┌──

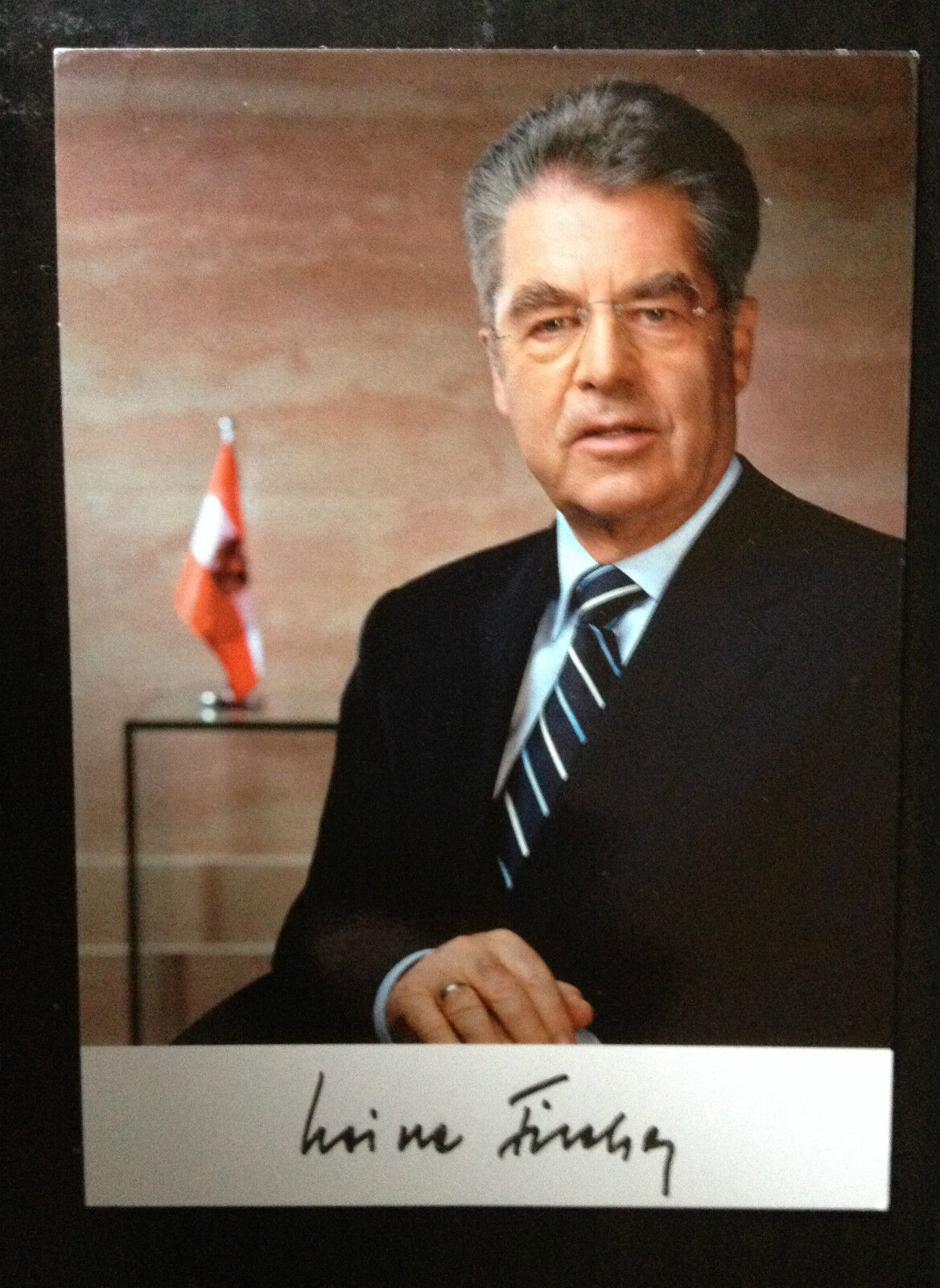 DR HEINZ FISCHER - AUSTRIAN PRESIDENT - SIGNED COLOUR Photo Poster paintingGRAPH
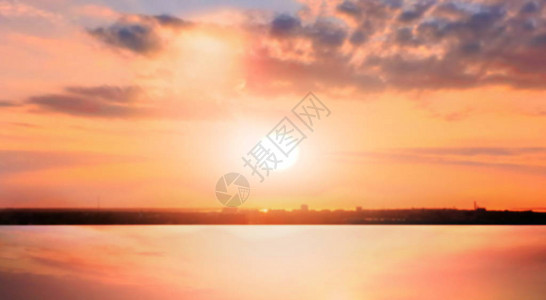 阳光下的天际线傍晚灯光反射在海水黄金夏季日落城市自然背景塔林爱沙图片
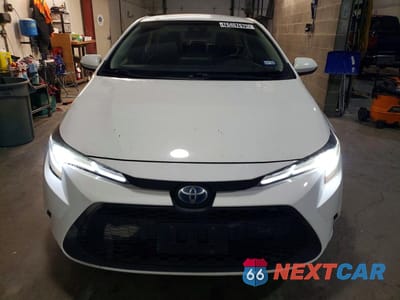 Piąte zdjęcie samochodu w środku: 2021 TOYOTA COROLLA LE VIN:JTDEAMDE2MJ003918 - miniatura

└──

- What this task involves
Exactly repeat every line from the line that includes "阳光下的天际线傍晚灯光反射在海水黄金夏季日落城市自然背景塔林爱沙图片" to the end of the listing, and nothing else, leaving pictures out.

- Solution
 阳光下的天际线傍晚灯光反射在海水黄金夏季日落城市自然背景塔林爱沙图片
 Piąte zdjęcie samochodu w środku: 2021 TOYOTA COROLLA LE VIN:JTDEAMDE2MJ003918 - miniatura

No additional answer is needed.